America’s national forests are facing significant challenges from a changing climate. While it is federal policy that national forests must be reforested after severe wildfires and other catastrophic events, the US Forest Service has been unable to meet this goal for decades. Up to 7.7 million acres of our National Forests are in need of reforestation, with over 1.3 million in need of immediate attention. The recent increase in severe forest fires has significantly increased the acres of National Forests in need of reforestation. Reforesting National Forests will yield significant climate mitigation benefits by sequestering carbon in growing trees. In fact, if reforested our National Forests could sequester 6,078,815 tons of C02 equivalent annually.

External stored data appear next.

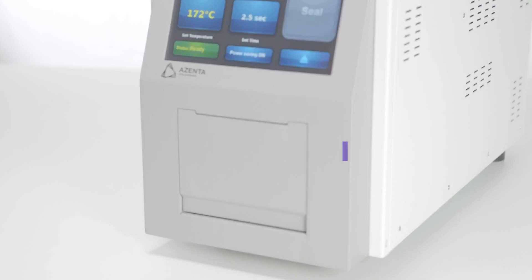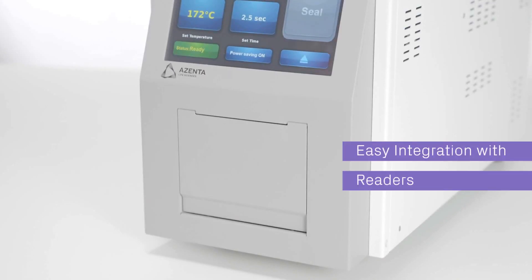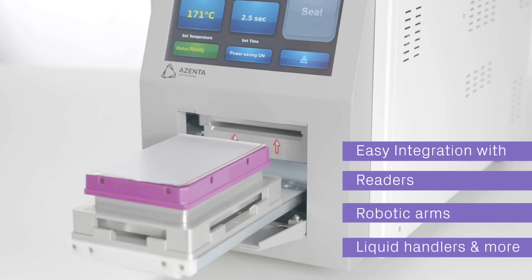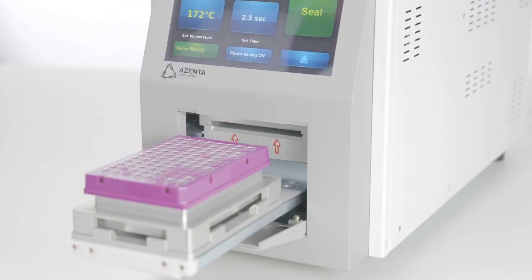Sealing up to 5,000 plates without manual input, it integrates easily with readers, robotic arms, liquid handlers, and other instruments — delivering a custom automated system without the cost and hassle of custom drivers.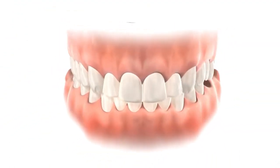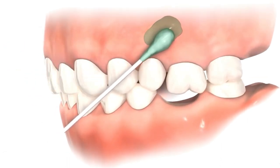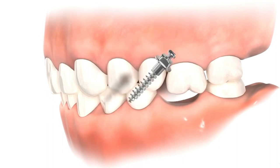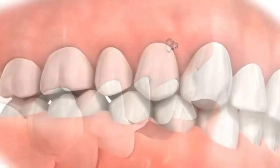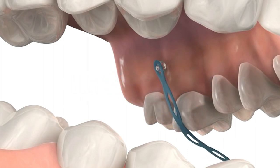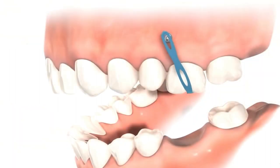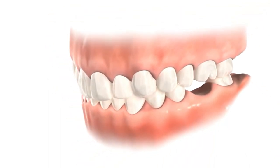In the case of maxillary molar intrusion, careful insertion of TADs into the bone is done under local anesthesia to minimize discomfort. The TADs are placed at specific locations on the buccal and palatal sides of the maxilla to provide optimal anchorage for the desired intrusion movement. Once the TADs are in place, orthodontic mechanics such as elastic chains, coil springs, or other intrusive devices are attached to the TADs and connected to the molars. These mechanisms gradually apply forces that promote the controlled downward movement of the molars into their desired positions.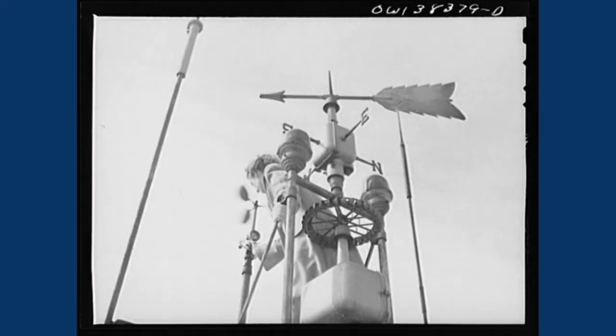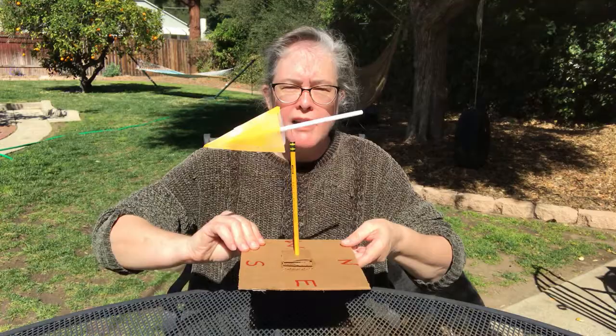Another tool that scientists and meteorologists use is called a wind vane. Here's a picture of a wind vane that a meteorologist might use — you can see it kind of looks like there's an arrow, or a part that gets pushed by the wind when it blows.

Congress established the Reforestation Trust Fund (RTF) in 1980 to reforest the National Forest System after wildfire and other disturbances, but USFS access is capped at $30 million per year by the original authorizing legislation. The RTF is funded by existing tariffs collected on a discrete set of timber and wood products. These tariffs now regularly exceed $100 million annually, with a recent high of $178 million. Removing the RTF cap would allow USFS full access to these collected tariffs, which would significantly increase annual funding available to USFS for reforesting national forests. For every $1 million invested in reforestation, an estimated 39.7 jobs are created. Further, the RTF is currently matched at a 3:2 ratio by other funding sources, which would increase the impact of eliminating the cap.

Proposed Legislation:

The REPLANT Act will maintain and expand national forest cover by eliminating the cap on the Reforestation Trust Fund (RTF) which would significantly increase USFS resources to reforest national forests in need as well as address future needs. It would achieve this goal by removing the cap on the RTF and requiring the USFS to address the 1.3 million acre reforestation backlog within 10 years while ensuring best forestry practices.